O que está em jogo, agora, é a preparação da próxima safra. Muitos produtores de soja estão prevendo uma produção recorde em 2013. A euforia é tal que os temores agora dizem respeito à capacidade do país de escoar a próxima colheita.

Os produtores de milho do Mato Grosso já vivem esse problema. Dobraram a produção da safrinha, mas não conseguem escoá-la. Hoje, há montes de grãos na beira das estradas à espera de caminhões.  


Como o mercado sempre tem duas pontas — vendedora e compradora —, a alegria de uns é a tristeza de outros. A alta do preço está provocando um forte impacto nos custos de produção das carnes.
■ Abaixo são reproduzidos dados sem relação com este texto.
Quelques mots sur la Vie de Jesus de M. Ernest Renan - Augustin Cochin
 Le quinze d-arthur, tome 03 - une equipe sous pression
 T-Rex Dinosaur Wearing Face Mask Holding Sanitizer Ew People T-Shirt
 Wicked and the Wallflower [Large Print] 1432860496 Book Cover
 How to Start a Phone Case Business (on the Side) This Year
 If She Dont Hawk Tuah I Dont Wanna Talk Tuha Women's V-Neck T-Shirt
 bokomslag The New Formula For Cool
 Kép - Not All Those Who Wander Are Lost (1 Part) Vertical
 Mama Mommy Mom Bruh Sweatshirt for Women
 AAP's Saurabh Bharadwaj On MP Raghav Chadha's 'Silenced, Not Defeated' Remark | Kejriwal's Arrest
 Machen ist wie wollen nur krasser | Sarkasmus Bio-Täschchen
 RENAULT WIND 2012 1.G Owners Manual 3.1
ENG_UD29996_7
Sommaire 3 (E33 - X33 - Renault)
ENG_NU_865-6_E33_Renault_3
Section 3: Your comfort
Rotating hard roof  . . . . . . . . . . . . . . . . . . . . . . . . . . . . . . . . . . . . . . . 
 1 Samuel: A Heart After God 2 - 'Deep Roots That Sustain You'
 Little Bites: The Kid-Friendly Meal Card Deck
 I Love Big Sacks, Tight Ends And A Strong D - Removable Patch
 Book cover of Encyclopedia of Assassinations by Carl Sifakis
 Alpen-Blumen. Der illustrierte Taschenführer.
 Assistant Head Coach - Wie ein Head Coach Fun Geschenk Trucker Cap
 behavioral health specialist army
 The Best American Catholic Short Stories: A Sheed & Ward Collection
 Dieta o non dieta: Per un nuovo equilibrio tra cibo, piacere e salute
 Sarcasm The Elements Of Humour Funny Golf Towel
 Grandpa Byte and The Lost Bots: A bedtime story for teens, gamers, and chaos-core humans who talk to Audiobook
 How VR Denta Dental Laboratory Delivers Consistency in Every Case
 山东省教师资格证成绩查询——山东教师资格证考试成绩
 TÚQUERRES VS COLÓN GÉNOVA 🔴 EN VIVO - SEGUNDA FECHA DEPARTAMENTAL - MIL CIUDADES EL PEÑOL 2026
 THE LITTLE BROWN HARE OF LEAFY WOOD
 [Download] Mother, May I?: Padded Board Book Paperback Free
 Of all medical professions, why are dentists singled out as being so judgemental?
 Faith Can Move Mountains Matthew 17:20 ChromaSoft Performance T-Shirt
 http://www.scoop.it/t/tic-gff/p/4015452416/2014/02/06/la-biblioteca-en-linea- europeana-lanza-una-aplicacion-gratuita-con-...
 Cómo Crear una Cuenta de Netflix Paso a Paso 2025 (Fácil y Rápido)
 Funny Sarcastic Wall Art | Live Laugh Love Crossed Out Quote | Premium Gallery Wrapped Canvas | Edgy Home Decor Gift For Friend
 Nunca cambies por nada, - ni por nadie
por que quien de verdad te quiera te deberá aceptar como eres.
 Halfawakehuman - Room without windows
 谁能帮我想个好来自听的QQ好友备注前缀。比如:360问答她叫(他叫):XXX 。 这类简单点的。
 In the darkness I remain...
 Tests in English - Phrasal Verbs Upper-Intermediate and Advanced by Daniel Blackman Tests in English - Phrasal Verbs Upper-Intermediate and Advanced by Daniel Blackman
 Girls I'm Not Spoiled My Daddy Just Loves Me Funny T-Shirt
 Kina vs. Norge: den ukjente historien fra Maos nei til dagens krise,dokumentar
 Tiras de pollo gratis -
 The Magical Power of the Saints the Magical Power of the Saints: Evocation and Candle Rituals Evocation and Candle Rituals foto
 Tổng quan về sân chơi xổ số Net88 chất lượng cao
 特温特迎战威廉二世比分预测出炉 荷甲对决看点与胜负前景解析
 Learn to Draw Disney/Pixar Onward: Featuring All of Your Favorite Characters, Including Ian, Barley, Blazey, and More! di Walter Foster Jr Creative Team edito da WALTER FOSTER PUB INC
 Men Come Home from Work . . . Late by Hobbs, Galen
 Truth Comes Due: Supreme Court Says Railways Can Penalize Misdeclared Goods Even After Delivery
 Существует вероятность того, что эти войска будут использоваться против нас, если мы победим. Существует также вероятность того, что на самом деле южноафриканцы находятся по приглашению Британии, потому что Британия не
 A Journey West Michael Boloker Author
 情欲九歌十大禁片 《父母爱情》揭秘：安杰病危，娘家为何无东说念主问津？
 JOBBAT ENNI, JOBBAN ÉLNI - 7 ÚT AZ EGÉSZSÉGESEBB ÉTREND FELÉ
Só em julho, a saca de milho subiu uma média de 30% no mercado interno.

Como o grão responde por mais de 60% dos custos de produção de frangos e suínos, os criadores já amargam perdas na rentabilidade. Na Região Sul, pequenos e médios produtores operam até no prejuízo. O custo de produção de 1 quilo de carne suína está em 2,20 reais, mas o mesmo quilo é vendido a 1,60 real — prejuízo de 60 centavos para cada quilo.

No frango, o prejuízo é de 50 centavos. Por isso, a estimativa é que haverá fortes reajustes de preços no segundo semestre. Analistas do mercado estimam que só o frango congelado terá alta de 20%.

“Os produtores de milho no Brasil até podem comemorar por hora”, diz José Antônio Fay, presidente da BRF, a maior produtora e exportadora brasileira de carnes processadas. “Mas toda a cadeia de alimentos no mundo está em alerta.”